Pennsylvania State Senator Christine M. Tartaglione is calling out those who reliably – and wrongly – predict disaster for low-wage workers whenever a state indexes its minimum wage to inflation. She writes:

The game…is played on the field, not on paper. The entire history of the minimum wage in Pennsylvania and in the U.S. has already disproved such dire forecasts. And I pointed out that…projections for the state of Washington in 2000 [were] discredited by strong low-wage job growth in years that followed. Ditto for California in 1998.

If the facts are the referees, the call goes to Sen. Tartaglione. Washington State has the nation’s highest statewide minimum wage ($8.07 as of January 2008).
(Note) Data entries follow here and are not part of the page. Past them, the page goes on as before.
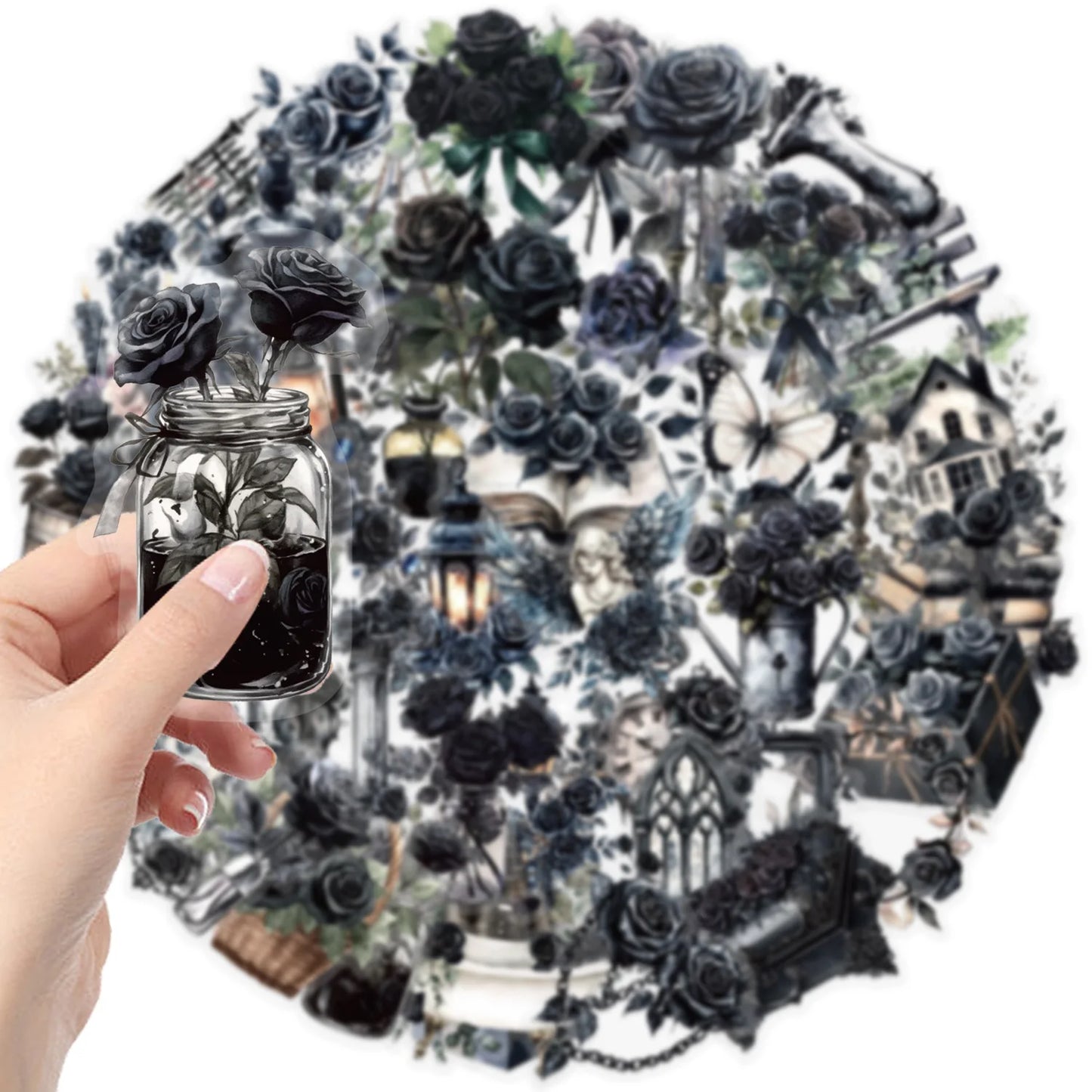 50Pcs Transparent Cartoon Dark Rose Sticker Pack Waterproof
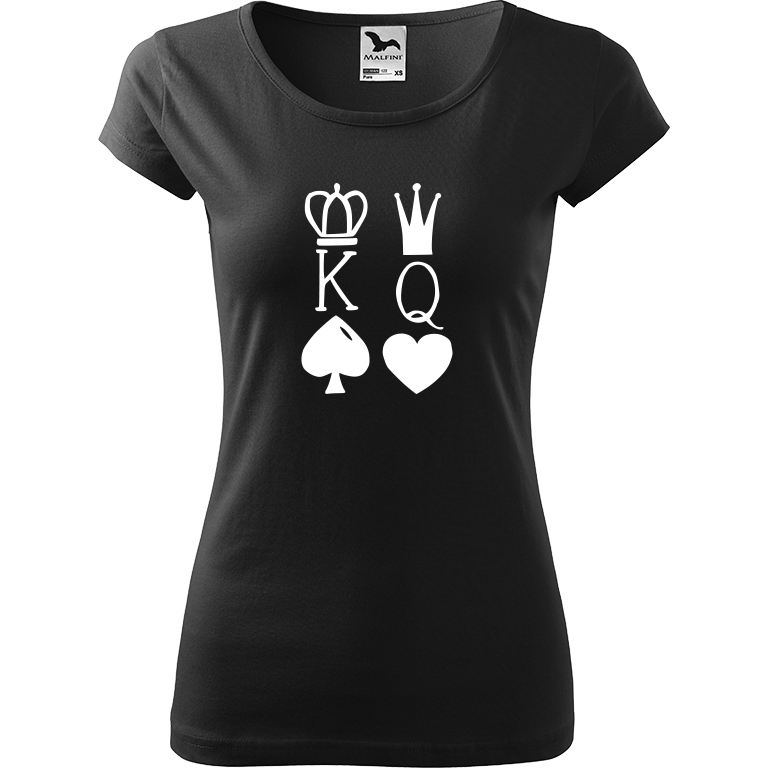 Ručně malované dámské bavlněné tričko - King & Queen Barva trička: ČERNÁ, Velikost trička: XS, Barva motivu: BÍLÁ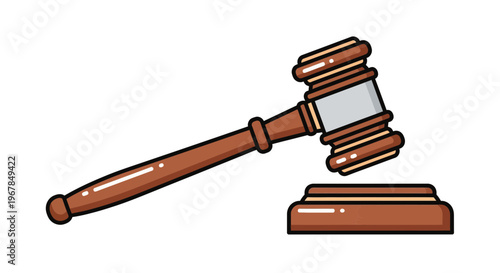 Wooden Judge Gavel and Sounding Block - Legal Symbol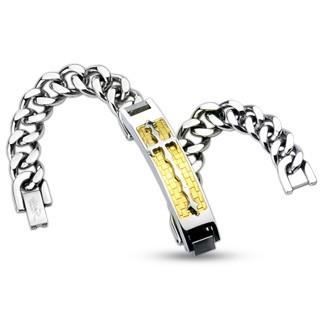 Bracelet Gourmette pour Homme Ado Acier avec Croix Plaque Or - Mixte - Doré
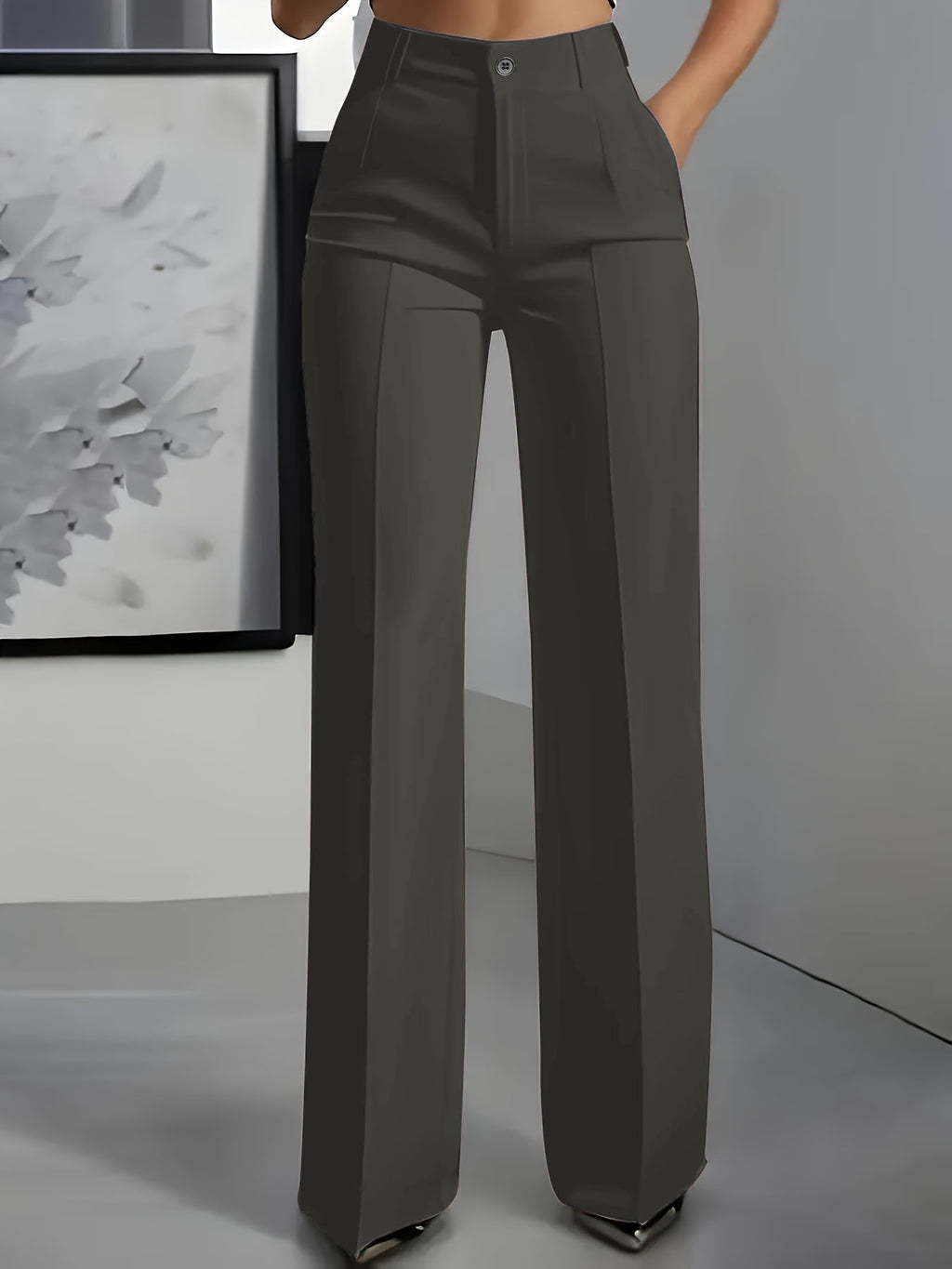 High-waisted Draping Straight-leg Minimalist Suit Trousers – Premium 0 | RICALOUX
Annual inflation adjustments allow low wage workers to maintain their buying power through both good economic times and bad.

At the same time, Washington’s job growth is far out-pacing the national average. Over the last year, jobs in Washington increased more than three times faster than in the nation as a whole. Jobs rose in both retail and restaurants, the two largest employers of minimum wage workers.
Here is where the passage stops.